Among the entries that follow, the required portion opens with the line containing "a bedroom with a bed and" and closes with the line containing "Two people with". Give that portion again exactly, and nothing else.

───── DATA

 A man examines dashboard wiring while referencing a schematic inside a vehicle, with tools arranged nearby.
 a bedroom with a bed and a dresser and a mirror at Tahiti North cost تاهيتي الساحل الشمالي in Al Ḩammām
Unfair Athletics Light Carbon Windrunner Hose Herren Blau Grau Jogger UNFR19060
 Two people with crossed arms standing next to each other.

──────────
───── DATA

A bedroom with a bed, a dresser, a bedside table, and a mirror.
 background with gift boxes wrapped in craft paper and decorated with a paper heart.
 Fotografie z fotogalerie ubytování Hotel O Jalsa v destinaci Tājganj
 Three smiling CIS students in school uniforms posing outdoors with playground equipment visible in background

──────────
───── DATA

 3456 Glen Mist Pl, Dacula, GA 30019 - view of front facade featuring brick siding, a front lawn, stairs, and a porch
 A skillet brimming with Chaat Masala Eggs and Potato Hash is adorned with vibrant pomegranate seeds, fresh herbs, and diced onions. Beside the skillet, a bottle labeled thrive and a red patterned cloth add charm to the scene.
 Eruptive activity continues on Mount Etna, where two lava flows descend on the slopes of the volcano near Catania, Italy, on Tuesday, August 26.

──────────

SOLVED EXERCISE:
 a bedroom with a bed and a dresser and a mirror at Tahiti North cost تاهيتي الساحل الشمالي in Al Ḩammām
Unfair Athletics Light Carbon Windrunner Hose Herren Blau Grau Jogger UNFR19060
 Two people with crossed arms standing next to each other.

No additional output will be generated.